Down to the final line, write out the material beneath exactly, without pictures.

Top of Given data

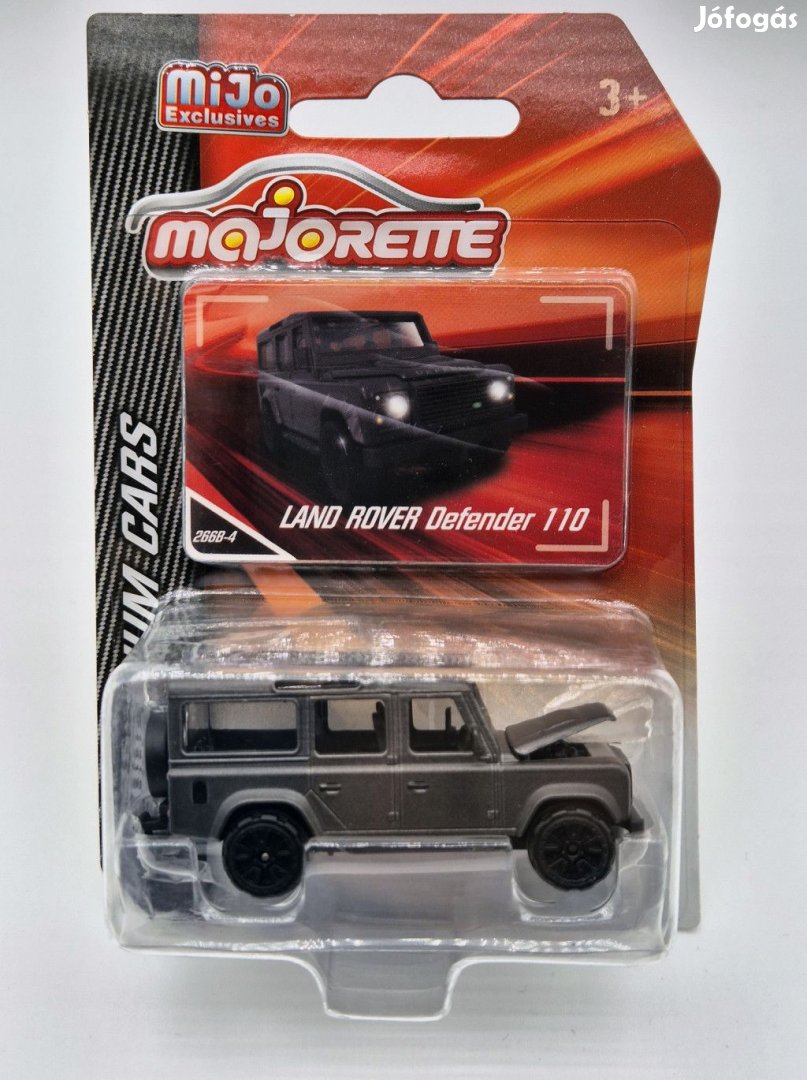 Land Rover Defender 110 -  Majorette - 1:64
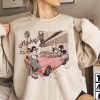 To The Finish Line Amp Beyond Funny Shirt, Rundisney Toy Story Short Sleeve Crewneck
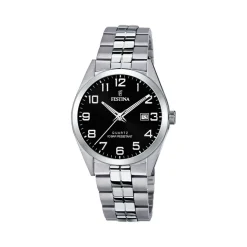 Montre Festina Classics Noir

Bottom of Given data

■ Task output
 Land Rover Defender 110 -  Majorette - 1:64
 To The Finish Line Amp Beyond Funny Shirt, Rundisney Toy Story Short Sleeve Crewneck
 Montre Festina Classics Noir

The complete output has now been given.